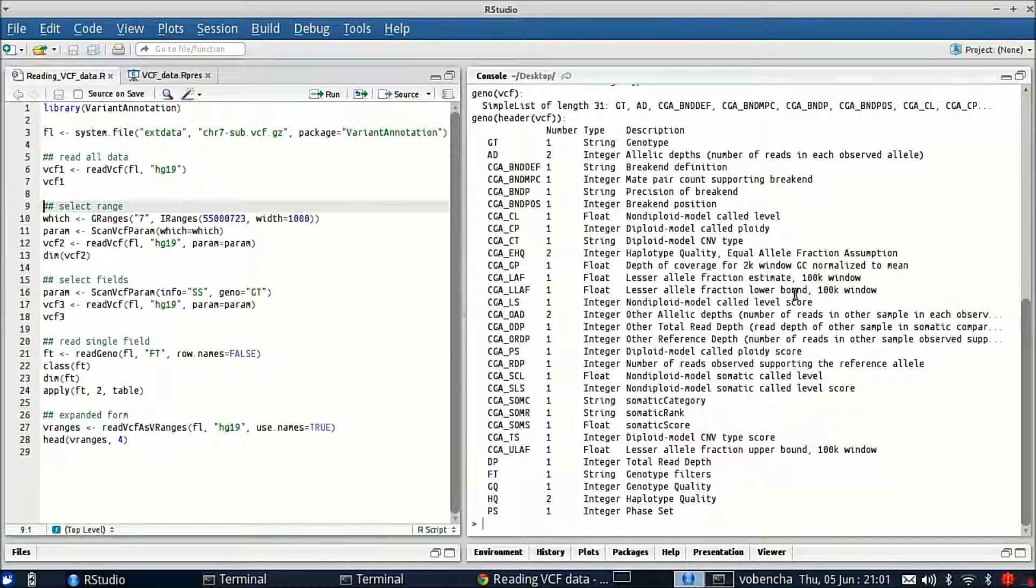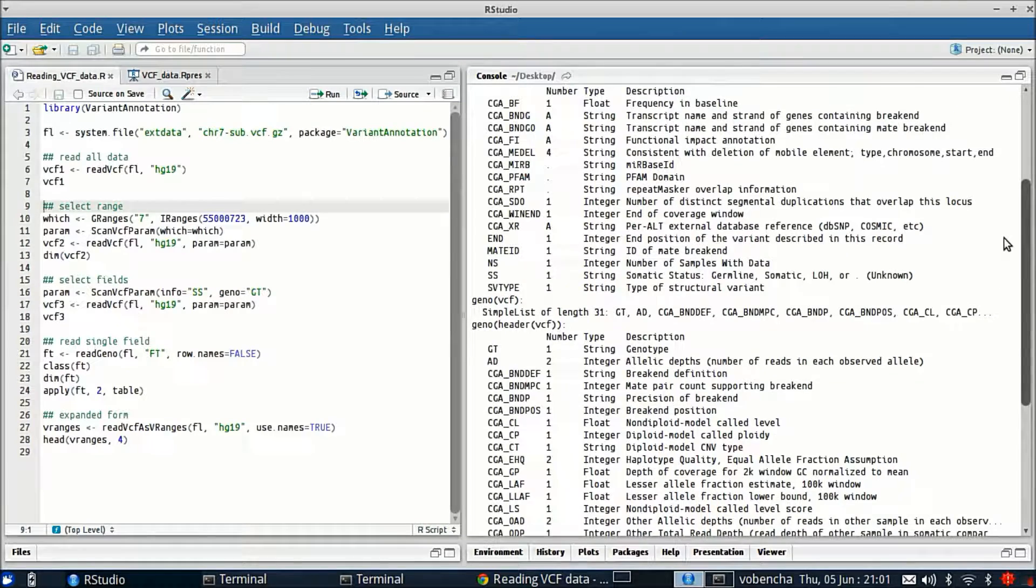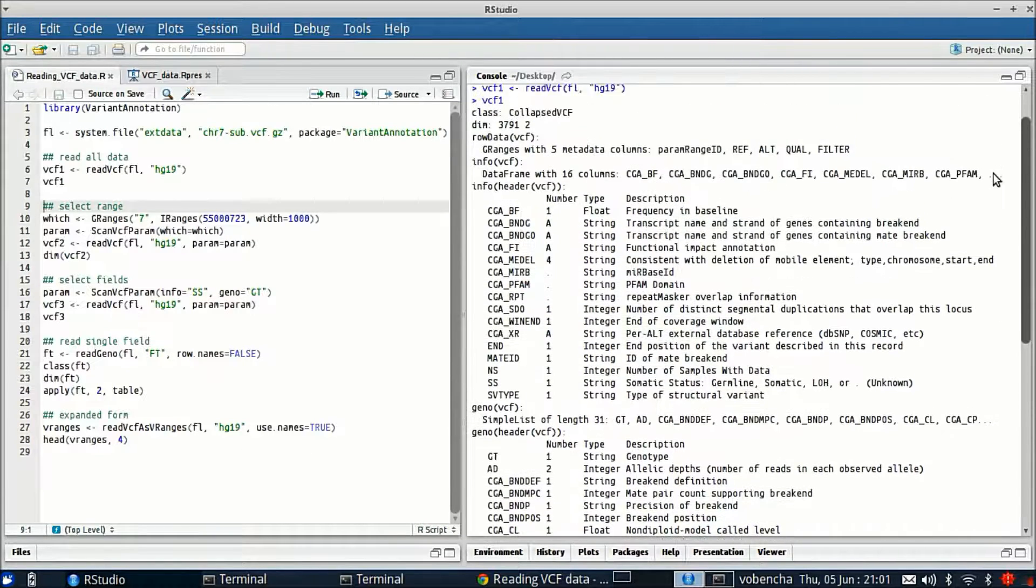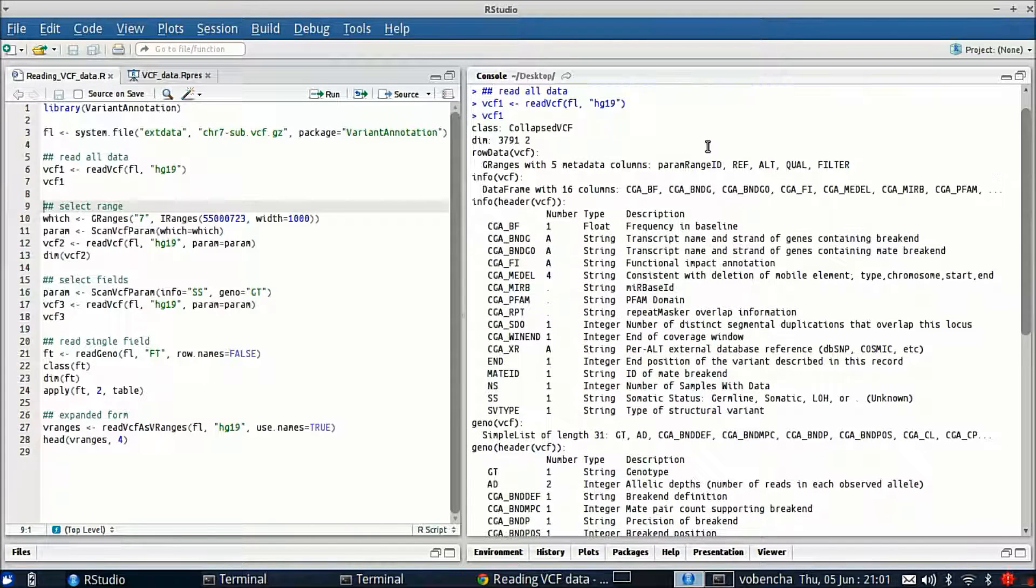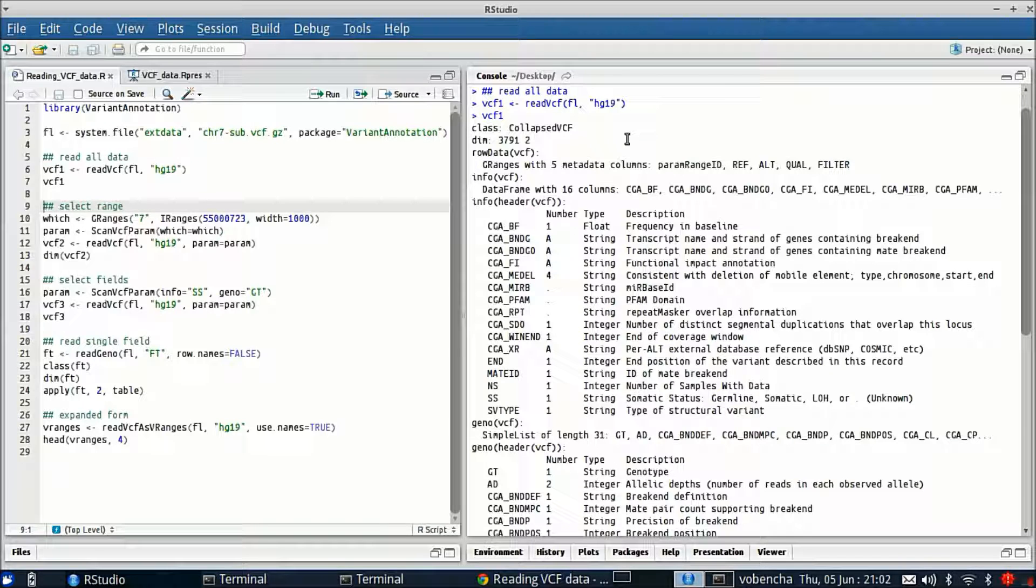Then we're going to take a look at what we've got here. So this is a VCF class and the dimension is 3791 by 2 so we've got 3791 variants and two samples. The data are packaged into different slots in this class.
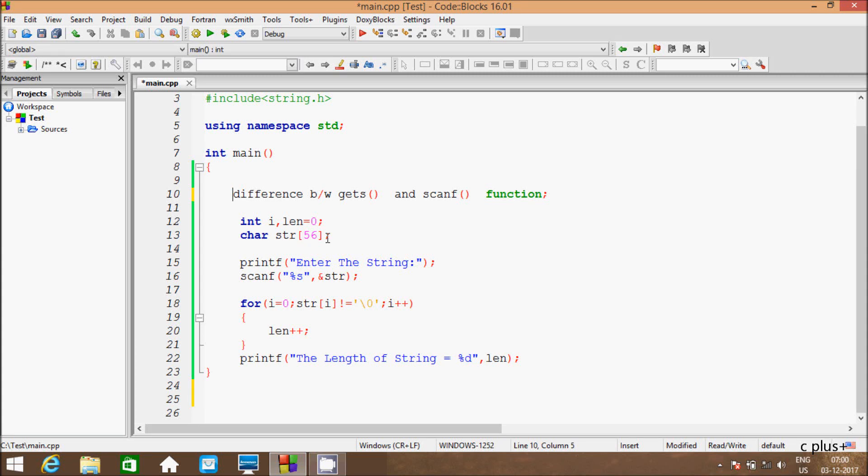In this video I am going to discuss the difference between gets and scanf function in C programming.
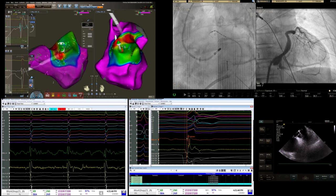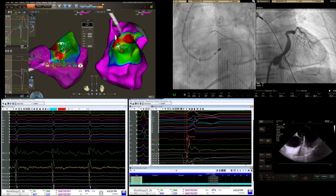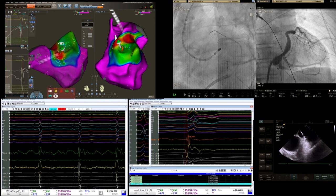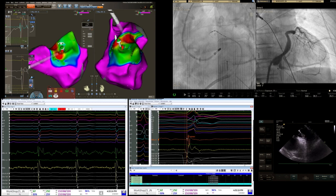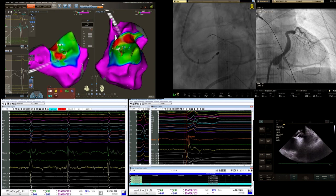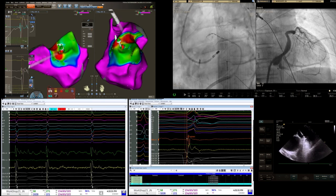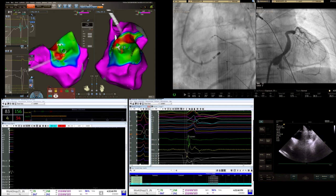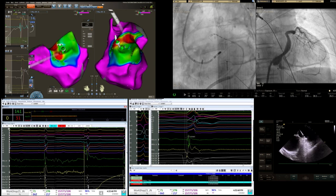Question about sheath used for retrograde access: I normally like a long SL1 or SL0 or SR0. We didn't have that so we're using a long Arrow sheath, 80 centimeters, metallic ARM. For this area with a dilated aorta, if you don't support the catheter when you bring it up it goes down. We're going to 40 watts now for a minute, then 120 seconds... 90 seconds okay.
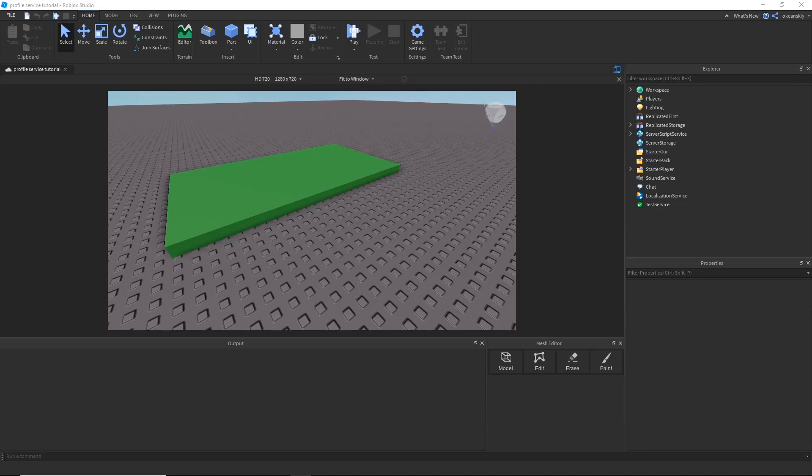Hey everyone, Akansky here. In the last video, we did a basic profile service example. In this video, we're going to be adding to our project — I'm going to be adding a message part that's going to allow us to send messages across servers or to players offline. I'm going to be doing that by using the global updates feature of profile service, showing you what global updates are, how they work, and how to use them yourself. So let's get right into it.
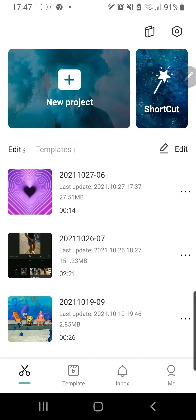Hey guys, and welcome back to the Tutorial Millennial channel. In this video, I will be showing you how you can follow and unfollow accounts on CapCut.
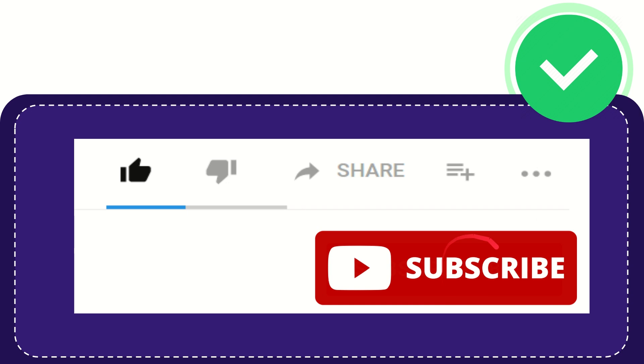And yeah, don't forget to subscribe. I think that's all of it. Thank you so much for watching this video and see you again in another video. Bye-bye. See you again.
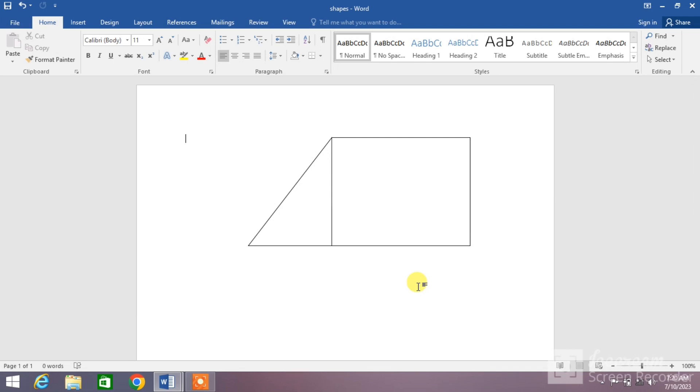Hello friends, welcome to your very own channel Famihaw. In this short video tutorial you are going to learn how to draw a trapezium in MS Word. You can see a trapezium on your screen. Now we are going to try it.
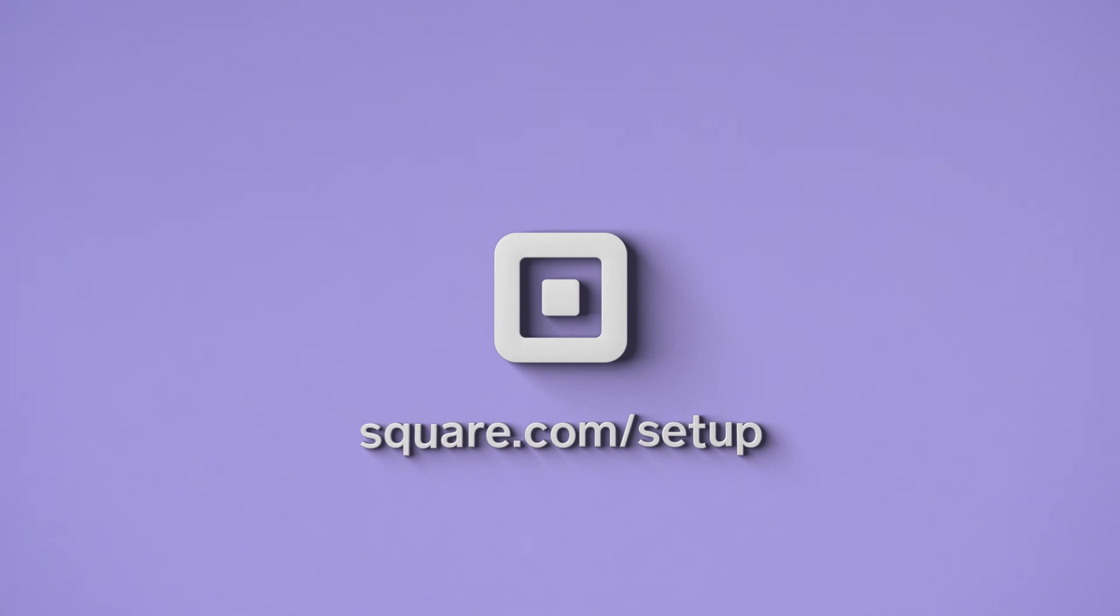To learn more about setting up or taking payments with your reader, go to square.com/setup.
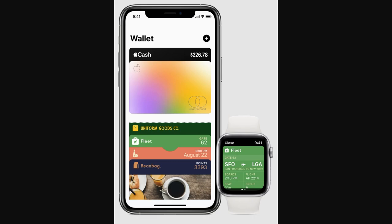Hello and welcome back to another video. Today I'm going to be showing you how you can add your TD card to Apple Wallet. This is a very quick and simple thing to do, so make sure you watch this video all the way to the end so you don't miss any important step. Adding your TD card to Apple Wallet is actually very simple and only requires a few steps.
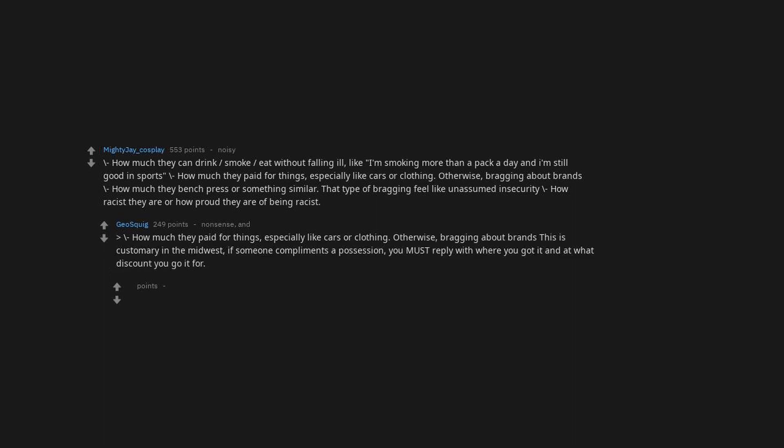That type of bragging feels like unassumed insecurity. How racist they are or how proud they are of being racist. How much they paid for things, especially like cars or clothing, otherwise bragging about brands. This is customary in the Midwest. If someone compliments a possession, you must reply with where you got it and at what discount you got it for.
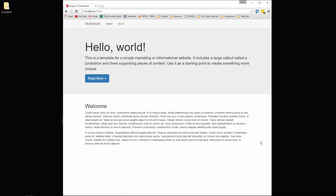We'll also add things like properties. For instance, the logo or the project name will be a property of the Navbar component. And we'll just look more into the structure and the syntax of Angular 2. So hopefully you guys enjoy this project and I'll see you in the next video.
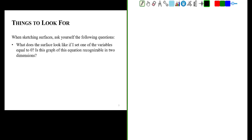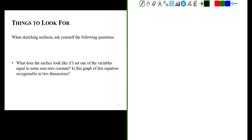The first question is: what would the surface look like if I set one of the variables equal to zero? Would we get a graph of an equation that we can recognize if it were in two dimensions? And what would the surface look like if I set one of the variables equal to some non-zero constant? Would this be a graph of an equation that we would recognize in two dimensions? This is the power of traces — by sketching the trace of something and projecting that trace into two dimensions, it will enable us to figure out what curves or surfaces look like.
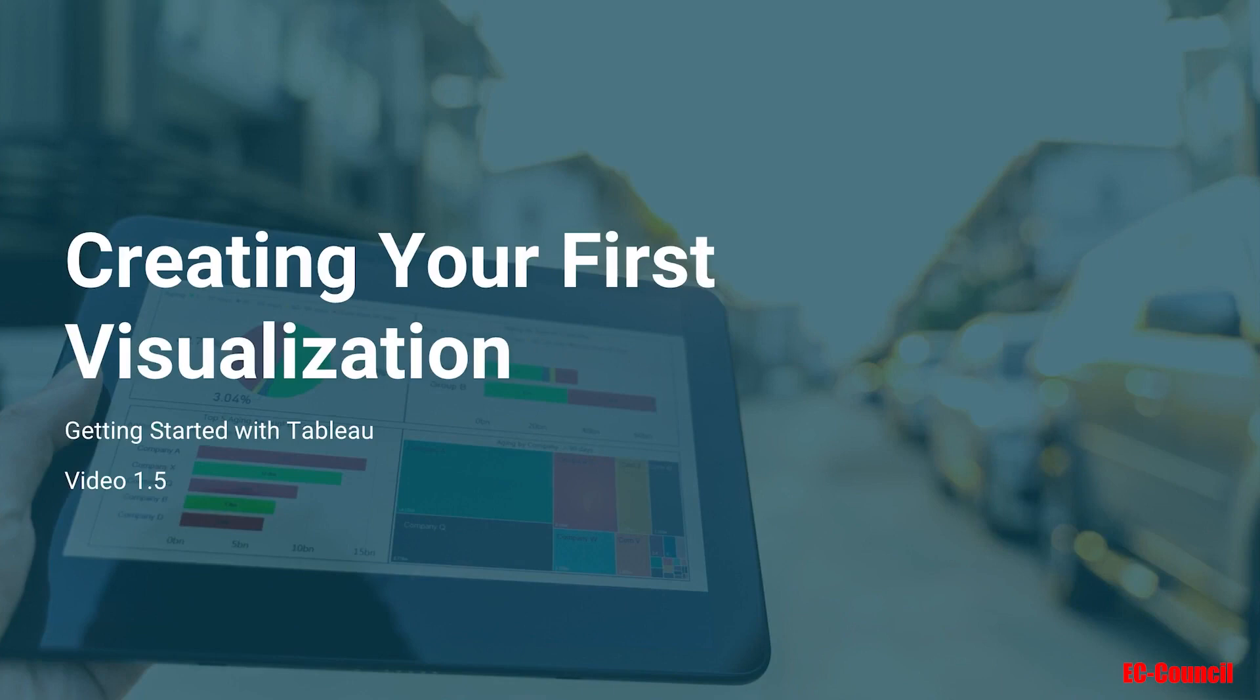Hi everyone, I'm Avdesh Gaud. In this video, we'll be creating our first visualization. Well, let's get started.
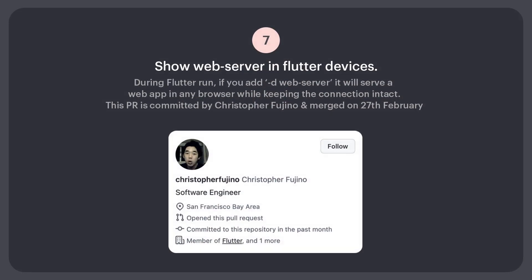Number 7: During Flutter run, if you add --web-server, it will serve a web app in any browser while keeping the connection intact. This PR is committed by Christopher Fugino and merged on 27th Feb.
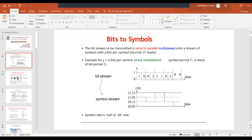For example, with a bit stream of 1, 0, 0, 1, 1, 1, 0, 1, 0, 0, I map this bit stream into a symbol stream using four different amplitude levels — one for 00, one for 01, one for 10, and one for 11. Each symbol is represented with a different amplitude level. The symbol rate is half of the bit rate. This is how we map a bit stream into a symbol stream.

§

__TASK PROMPT__. In the listing above, find the line with "Hello and welcome" and output it and every line after it up to and including the line with "Number 7: During", exactly, minus the pictures.

__FINISHED TASK__.
Hello and welcome back to another video. Today I'm going to be showing you how you can add your TD card to Apple Wallet. This is a very quick and simple thing to do, so make sure you watch this video all the way to the end so you don't miss any important step. Adding your TD card to Apple Wallet is actually very simple and only requires a few steps.
That type of bragging feels like unassumed insecurity. How racist they are or how proud they are of being racist. How much they paid for things, especially like cars or clothing, otherwise bragging about brands. This is customary in the Midwest. If someone compliments a possession, you must reply with where you got it and at what discount you got it for.
We'll also add things like properties. For instance, the logo or the project name will be a property of the Navbar component. And we'll just look more into the structure and the syntax of Angular 2. So hopefully you guys enjoy this project and I'll see you in the next video.
The first question is: what would the surface look like if I set one of the variables equal to zero? Would we get a graph of an equation that we can recognize if it were in two dimensions? And what would the surface look like if I set one of the variables equal to some non-zero constant? Would this be a graph of an equation that we would recognize in two dimensions? This is the power of traces — by sketching the trace of something and projecting that trace into two dimensions, it will enable us to figure out what curves or surfaces look like.
Hi everyone, I'm Avdesh Gaud. In this video, we'll be creating our first visualization. Well, let's get started.
Number 7: During Flutter run, if you add --web-server, it will serve a web app in any browser while keeping the connection intact. This PR is committed by Christopher Fugino and merged on 27th Feb.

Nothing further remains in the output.